Climber Dallin Smith and his girlfriend are depicted chilling out in their self-made lawn chairs that they attached 350 feet high on a cliff wall in Utah. You can look at the amazing pictures here. Smith weaved his own lawn chairs and explains “the springs aren’t bolted in. They just rest nicely in a crack.” Did someone say “death wish”?
It might be one of the biggest paradoxes of our generation of parents and fits Generation X to a tee. Generation X’ers are rough and tough pragmatists born into the cultural chaos of a new social operating system. Many of us have made it our life project to create order out of disorder, of which a great part goes through over-protecting our children from various harms. At the same time we have established and popularized leisure time activities and entertainment concepts that have far more in common with roman gladiator shows than with Yo Gabba Gabba. Pretend for a moment that you are a martian witnessing the bizarre behavior of a middle-aged guy who is imposing on himself the trauma of a 10-mile military training circuit carrying a 35 lbs rucksack, military boots, going through mud, ice baths, barbed wire and electric shocks. Upon returning home all bloody and sweaty, he reunites with his little princess whom he never lets out of sight lest she stumbles and skins her knee while he turns his muscular back for a split second. You will catch him carefully examining her Halloween candy for poison and razor blades which she received at her neighbor’s doors while his watchful eyes followed her trick-or-treating from the safe distance of the sidewalk curb. “You just never know.” And after dishing out his hard earned money to earn whipping commands from his ruthless bootcamp instructor at 5 am, God forbid if his children’s coaches ruffle their feathers or fails to hand them a trophy at the end of the season, regardless of performance.

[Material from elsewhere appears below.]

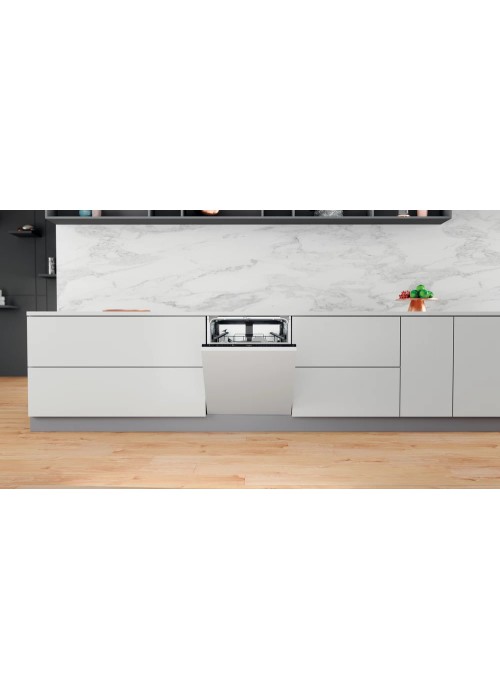 Вбудована посудомийна машина Whirlpool WIO 3C33 E 6.5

I’m no psychoanalyst, but there seems to be another paradox at play here. Could the seeming schizophrenia of seeking personal risks all while going great lengths in protecting your own progeny from harm be the effect of what is called risk compensation? Risk compensation is a theory which tries to understand the behavior of people engaging in potentially hazardous activities. It refers to the tendency of people to adjust their behavior in response to the perceived level of risk, behaving less cautiously where they feel more protected and more cautiously where they feel a higher level of risk (Wikipedia).
The popularity of extreme sports has increased in parallel with our rapidly developing safety obsession in other areas. While Generation X went through childhood fairly unprotected, they live their adult years worrying about “today’s childhood” which seems ‘so much more dangerous these days’. (Seriously, for most Americans childhood is no more dangerous today than it was in the years of second-hand smoke and seatbelt free cars). Could it be that parents now seek risk homeostasis by subjecting themselves to thrilling experiences they could never imagine letting their own kids do?
Try asking a Generation X parent what is his or her most exhilarating childhood memory and they will tell you stories of doing pranks like ring and run in the dusk, diving from tall cliffs and conversing with eccentric strangers in unsupervised places. Let the same stories be told by their kids and that twinkle in the parents’ eyes would quickly turn to terror.
Partly driven by the news-as-entertainment juggernaut, partly by market researchers finding new niches of profit in the endless well of parental fear, have we reached a point where we are so scared of our own shadows around our kids that we are about to suffocate their free movement to an extent we would never tolerate for own rugged selves?
Ironically, at the same time as we grown-ups find new creative ways to cure our mountain climbing vertigo, we are tarnishing these same beautiful stone formations for the sake of safety-proofing the great outdoors for our children. By coincidence that was the main story at Free Range Kids today. We sure live in a time of great paradoxes.